Configuration and results respectively of the paraprobe-spatstat tool. Compute spatial statistics on the entire or selected regions of the reconstructed dataset.

NXapm_paraprobe_clusterer_config, NXapm_paraprobe_clusterer_results:

Configuration and results resepctively of the paraprobe-clusterer tool. Compute cluster analyses with established machine learning algorithms using CPU or GPUs.

NXapm_paraprobe_nanochem_config, NXapm_paraprobe_nanochem_results:

Configuration and results resepctively of the paraprobe-nanochem tool. Compute delocalization, iso-surfaces, analyze 3D objects, composition profiles, and mesh interfaces.

NXapm_paraprobe_intersector_config, NXapm_paraprobe_intersector_results:

Configuration and results resepctively of the paraprobe-intersector tool. Analyze volumetric intersections and proximity of 3D objects discretized as triangulated surface meshes in continuum space to study the effect the parameterization of surface extraction algorithms on the resulting shape, spatial arrangement, and colocation of 3D objects via graph-based techniques.

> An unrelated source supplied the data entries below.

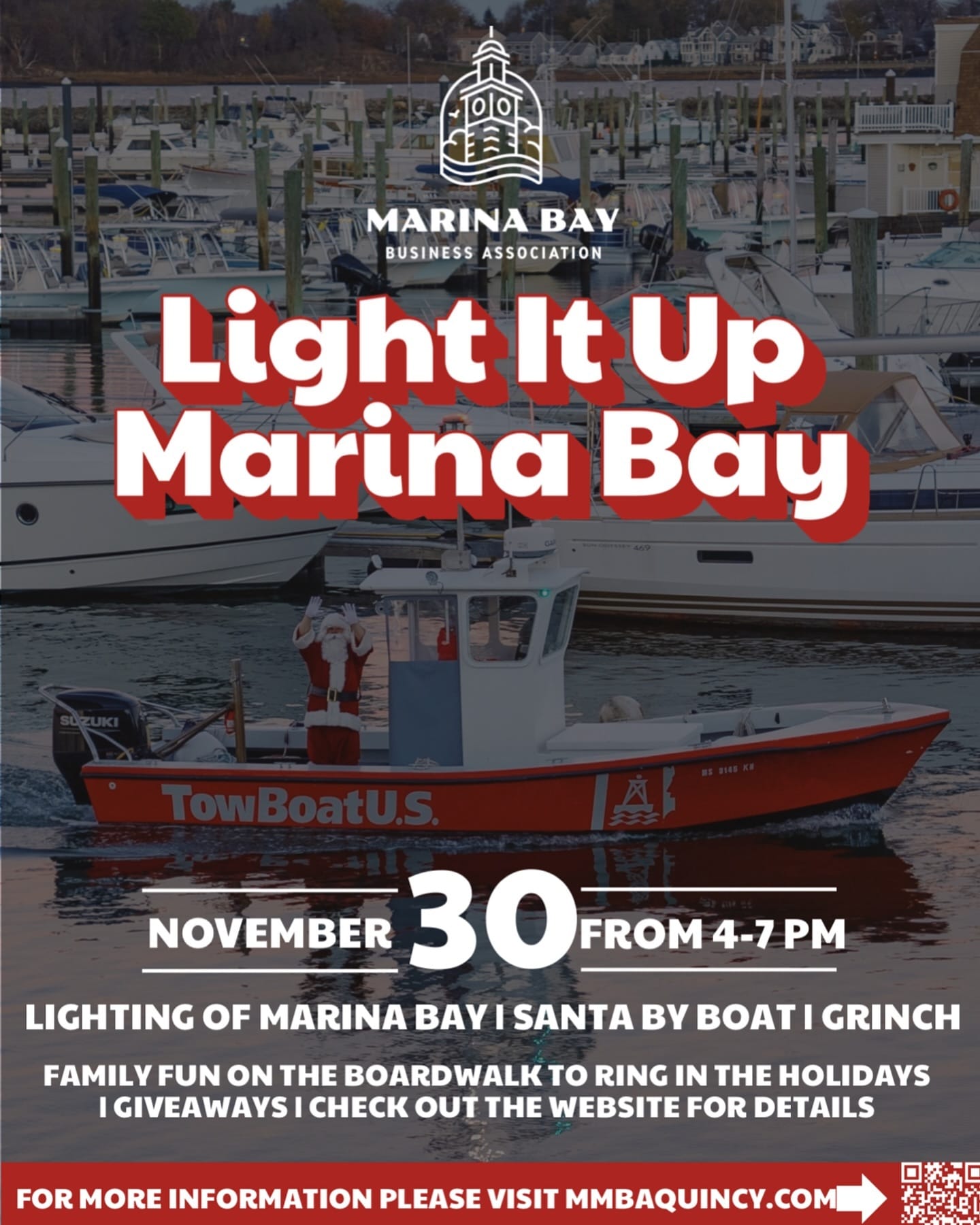 We had pulled the plug on this event earlier this year  but we are beyond thrilled and grateful to share that @cityofquincy and @mayortomkoch along with the @thequincychamber stepped up and in to ensure we could once again LIGHT IT UP for the holidays in Marina Bay! Who does the holidays better than Quincy? Nobody!We will be turning on the lights Saturday November 30th. Join us for a festive celebration featuring Santa By Boat, the Grinch, business giveaways and deals, face painting, music, festive cocktails, and a lighting ceremony with the Mayor!Visit www.mbbaquincy.com for details and to see all of the events and happenings on the boardwalk this holiday season!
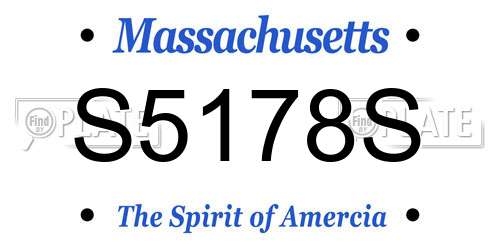 S5178S Massachusetts License Plate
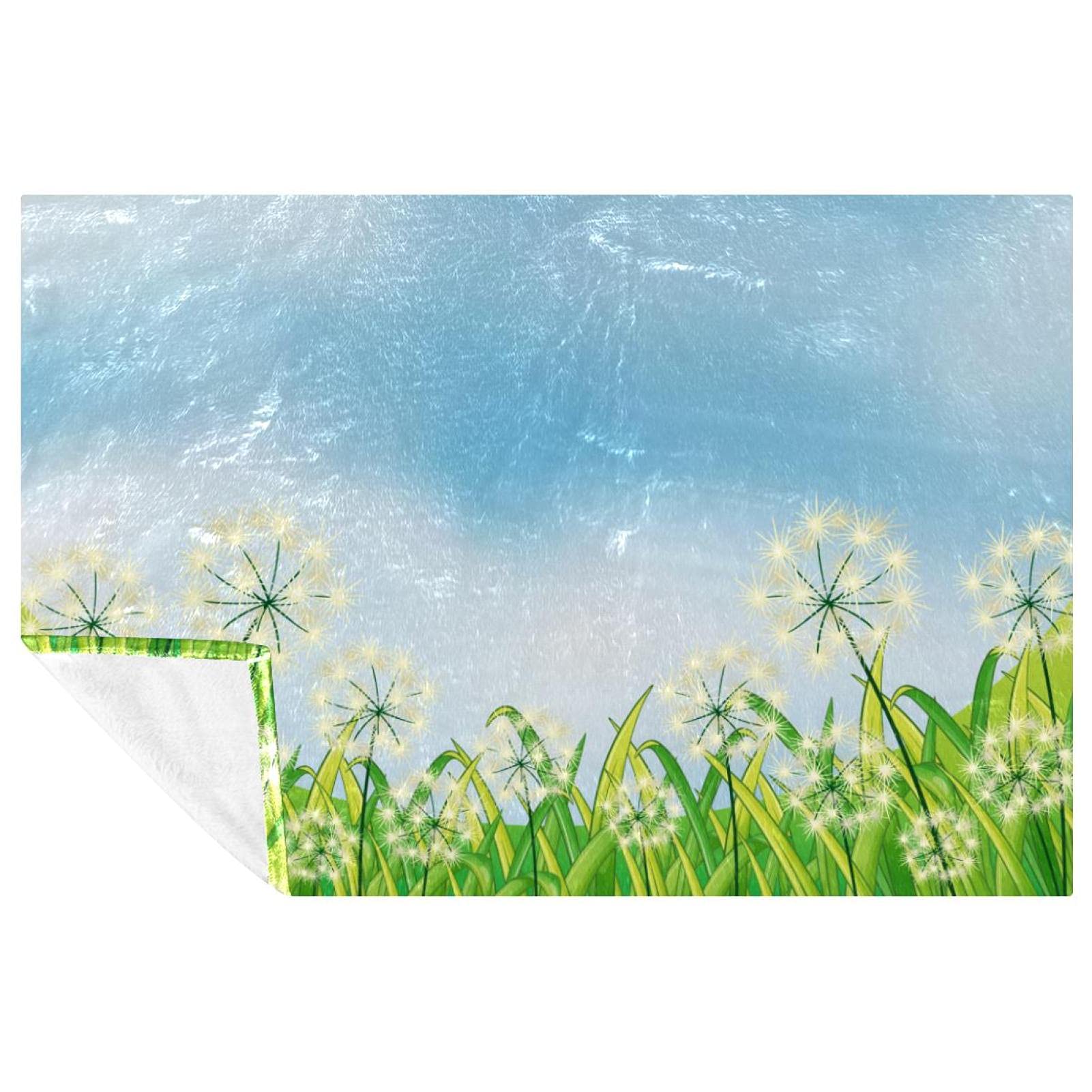 Couverture pissenlit ciel bleu contre le froid sur lit, canapé et camping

Joint work German NFDI consortia NFDI-MatWerk and FAIRmat

Members of the NFDI-MatWerk and the FAIRmat consortium of the German National Research Data Infrastructure are working together within the Infrastructure Use Case IUC09 of the NFDI-MatWerk project to work on examples how software tools in both consortia become better documented and interoperable to use. Within this project, we have also added the CompositionSpace tool that has been developed at the Max-Planck-Institut für Eisenforschung GmbH in Düsseldorf by A. Saxena et al.

Specifically, within the IUC09 we refactored the code base behind the publication A. Saxena et al. to better document its configuration, here as an example implemented like for the above-mentioned paraprobe-toolbox using NeXus:

NXapm_compositionspace_config, NXapm_compositionspace_results:

Configuration and the results respectively of the CompositionSpace tool.